Question 76: A 5-year-old boy who recently emigrated from Nigeria is brought to the emergency department because of a 2-day history of lower leg weakness, swallowing difficulty, and drooling of saliva. He has not yet received any childhood vaccinations. Two days after admission, the patient develops shortness of breath. Pulse oximetry shows an oxygen saturation of 64%. Despite resuscitative efforts, the patient dies of respiratory failure. At autopsy, examination of the spinal cord shows destruction of the anterior horn cells. Neurological examination of this patient would have most likely shown which of the following findings?
A. Sensory loss
B. Positive Babinski sign
C. Hyporeflexia (Correct Answer)
D. Myoclonus
E. Pronator drift
Explanation: ***Hyporeflexia***
- The destruction of **anterior horn cells** in the spinal cord is characteristic of **poliomyelitis**, a disease that primarily affects **lower motor neurons**.
- Lower motor neuron lesions lead to symptoms like **flaccid paralysis**, **weakness**, and **hyporeflexia** (diminished or absent reflexes).
*Sensory loss*
- Poliomyelitis specifically targets **motor neurons** and typically spares **sensory pathways**, meaning sensory function remains intact.
- Therefore, **sensory loss** is not a characteristic finding in poliomyelitis.
*Positive Babinski sign*
- A positive Babinski sign (**upgoing plantar reflex**) is indicative of an **upper motor neuron lesion** affecting the **corticospinal tract**.
- Since poliomyelitis involves lower motor neurons, a positive Babinski sign would not be expected.
*Myoclonus*
- **Myoclonus** refers to brief, involuntary twitching of a muscle or a group of muscles, often associated with disorders affecting the **cerebellum**, **brainstem**, or **cortex**.

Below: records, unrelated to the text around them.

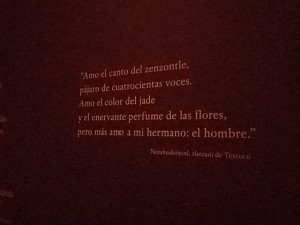Visto en la exposición sobre Hernán Cortés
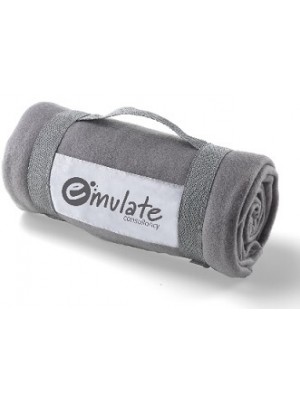 Decke mit Tragegurt günstig bedruckt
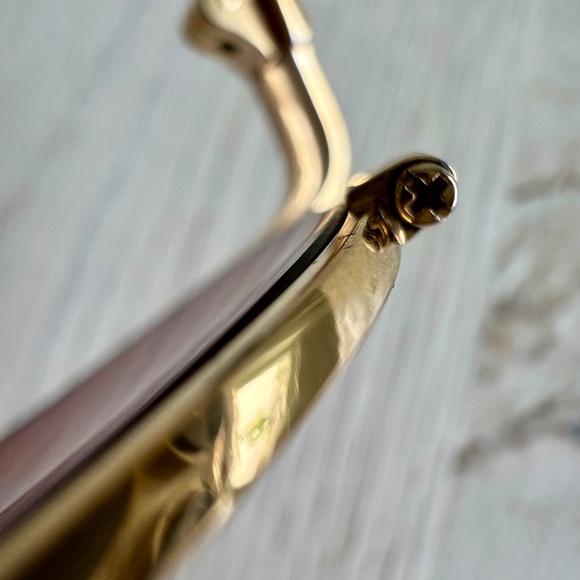 Jean Paul Gaultier 56-3173 Vintage Sunglasses | Gold Frame | Smokey Lenses - Picture 7 of 15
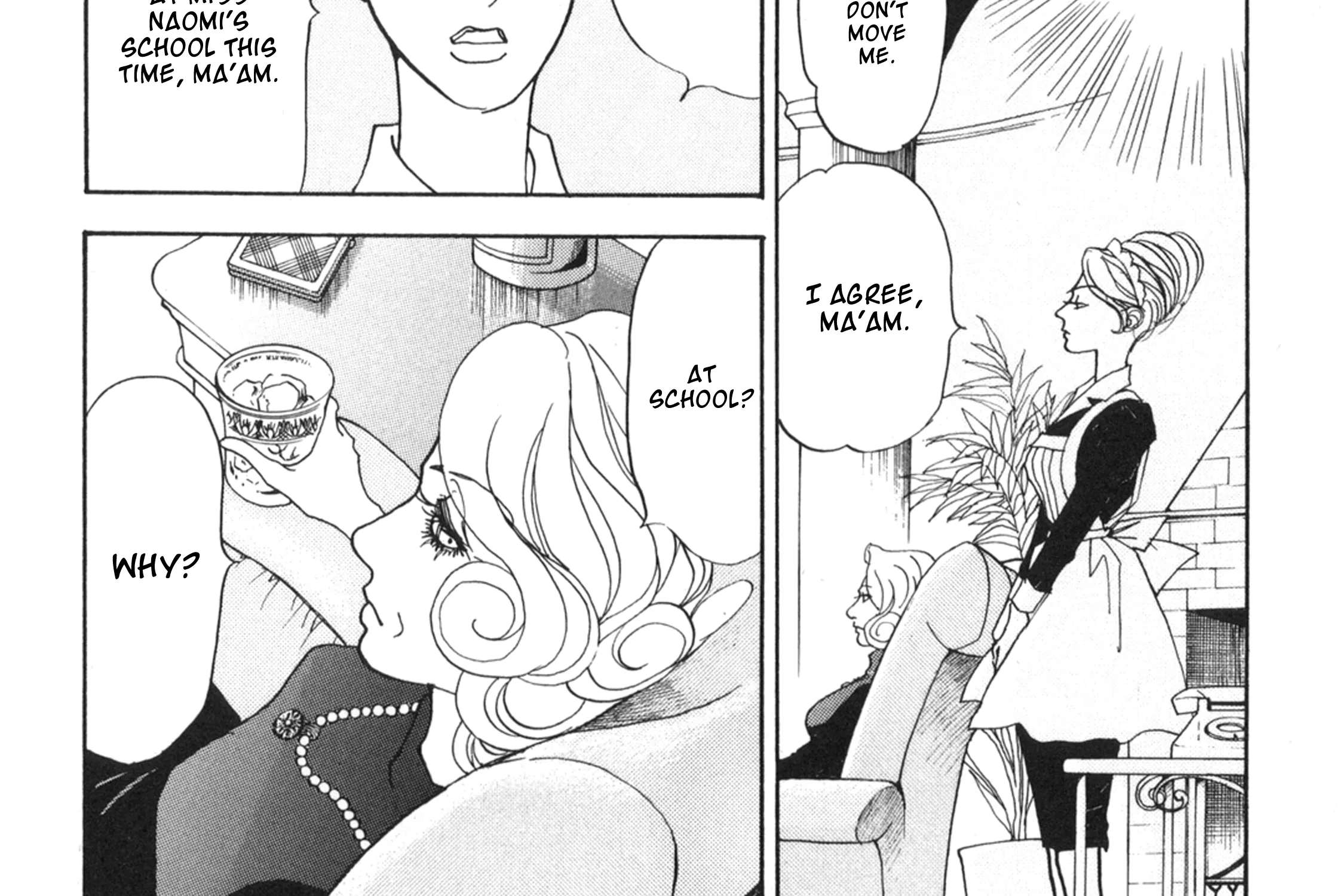Fushigi na Shounen Chapter 34 - page 32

- It is not a typical neurological finding in **poliomyelitis**, which primarily causes muscle weakness and paralysis.
*Pronator drift*
- **Pronator drift** is a sign of **upper motor neuron weakness** affecting the **contralateral corticospinal tract**, particularly in the arm.
- As **poliomyelitis** is a **lower motor neuron disease**, pronator drift would not be expected as a primary finding.